İkinci Dünya Savaşı arkasında 100 bine yakın ölü bırakmıştı. Amerika ve Rusya’nın liderliğindeki rakip ideolojilere sahip iki kutuplu dünyada, gün geçtikçe belirginleşen Soğuk Savaş başlamış ve zamanla gözler uzaya çevrilmişti…
Beyaz Saray’dakiler 16 Haziran 1963 sabahı aldıkları haberle bir kez daha geride kalmanın acısını yaşıyorlardı: Ruslar, uzaya ilk kadını göndermişlerdi! Peki kimdi bu kadın?

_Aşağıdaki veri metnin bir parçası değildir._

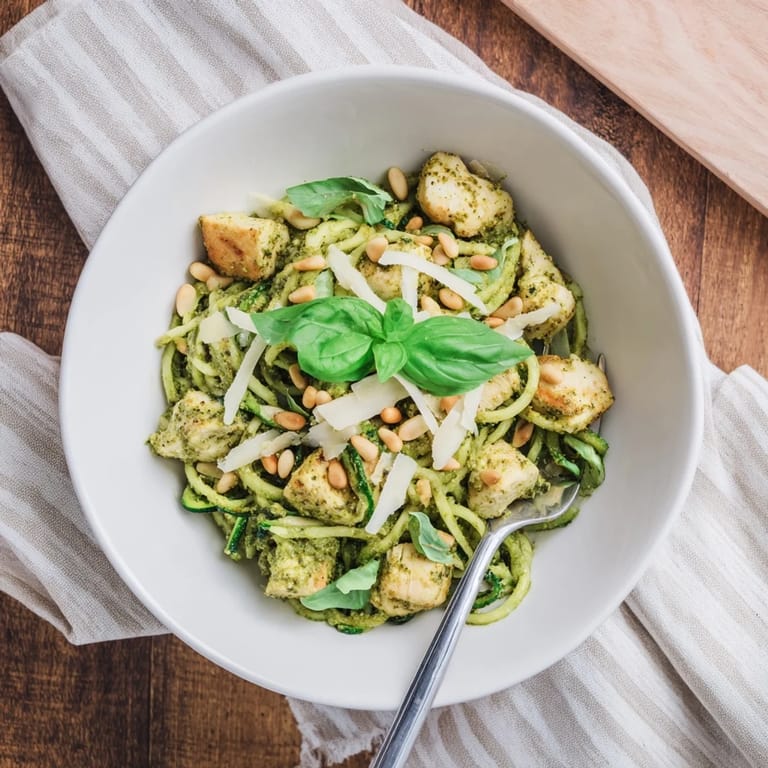 A close-up view of a gluten-free Pesto Zucchini Chicken Bowl, highlighting fresh basil leaves and toasted pine nuts over the colorful main dish.
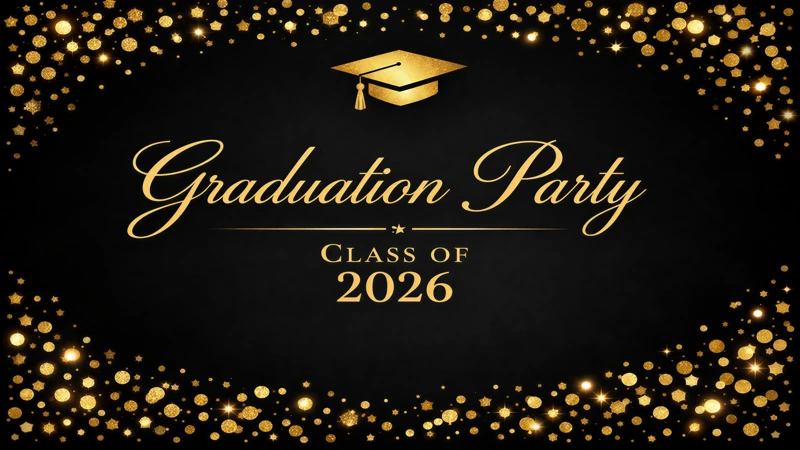 Class of 2026 — Graduation Party, Graduation Invitation, Grad, Black and Gold
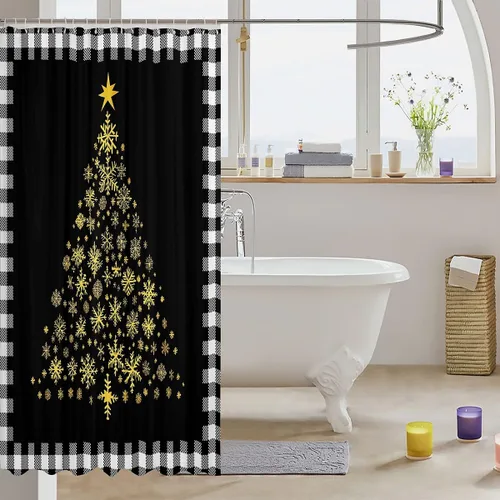 Miniatura 3 de Homewish Cortina de ducha de árbol de Navidad, juego de cortina de ducha de baño con diseño de copo de nieve dorado para niños y adultos, cortina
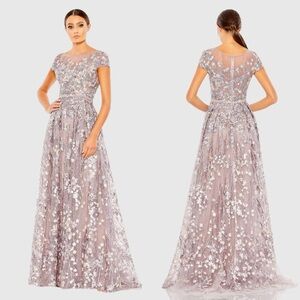 Mac Duggal 20405 Purple Embellished Floral Cap Sleeve A Line Gown Size 14 NWT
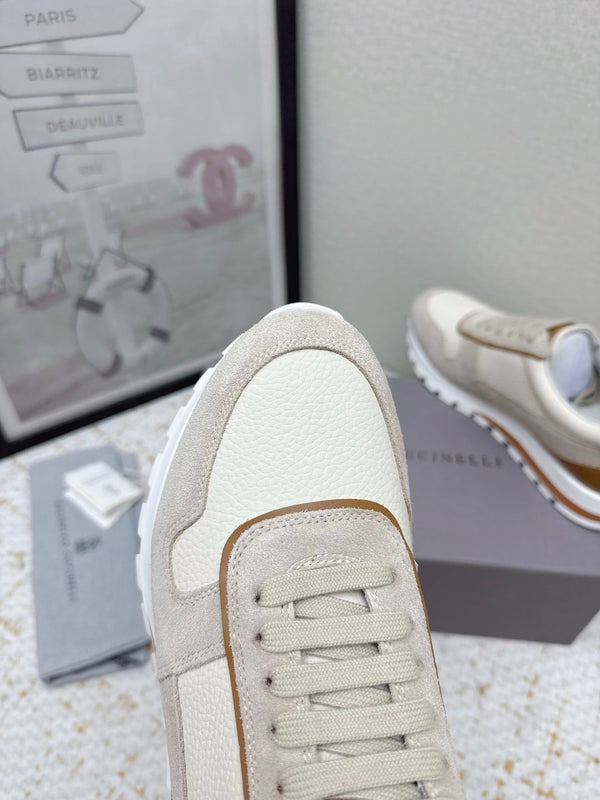 Brunello Panelled Sneakers Beige Taupe Grain Leather Suede 625367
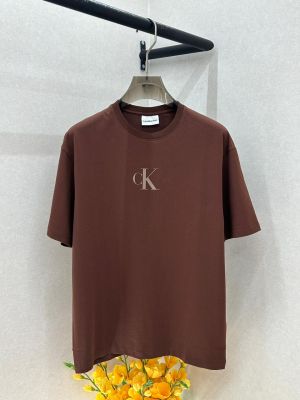 Calvin_Klein Premium Brown Drop Shoulder Back Printed Round Neck T-shirt F3714-BR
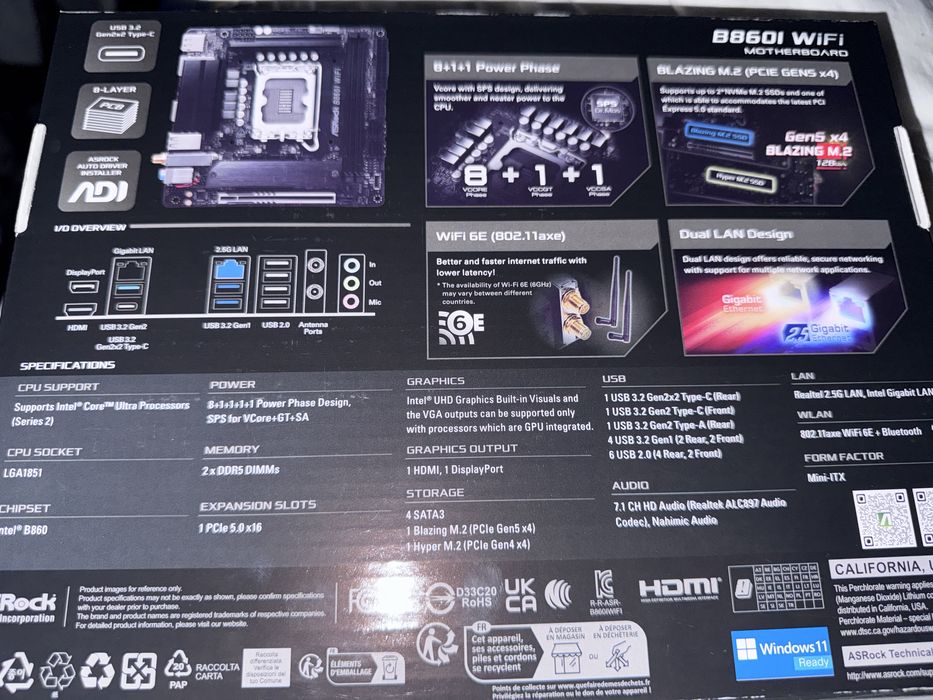 Asrock B860I WiFi Intel B860 LGA 1851 (Socket V1) mini ITX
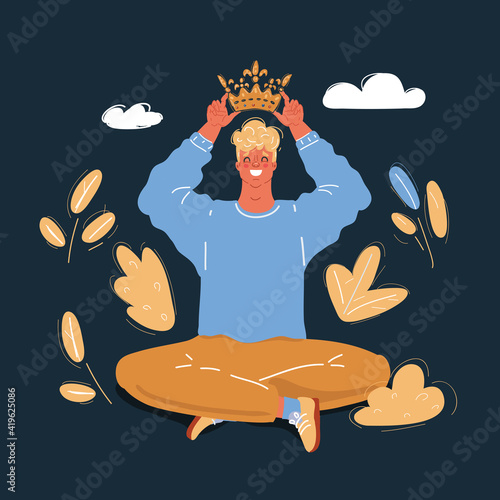 Vector illustration of man put crown on his head on dark background.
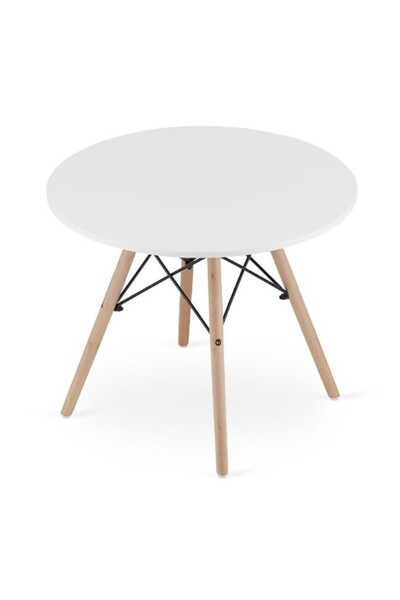 JollyMag Stôl v škandinávskom štýle, Artool, okrúhly, MDF a drevo, biely, 60x...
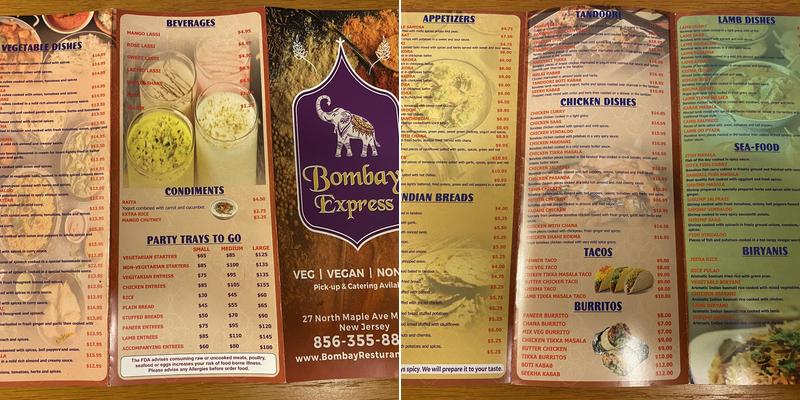 Bombay Express Menu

Valentina Vladimirovina Tereşkova 1937’de Rusya’da, bir işçi ailesinde üç çocuklu ailenin ikinci çocuğu olarak doğdu. Rusya’yı tüketen savaş yüzünden 8 yaşına kadar okul yüzü göremedi. 17 yaşına geldiğinde de aile bütçesine katkı için bir tekstil fabrikasında çalışmaya başladı ve okulu bıraktı. Eğitimine mektupla devam etti ve aynı dönemde hobi olarak Yaroslavl’daki DOSAAF Havacılık Kulübü’nde paraşüt eğitimi almaya başladı. Kulüp tabii ki Kızıl Ordu’nun gençlik ünitelerinden biriydi!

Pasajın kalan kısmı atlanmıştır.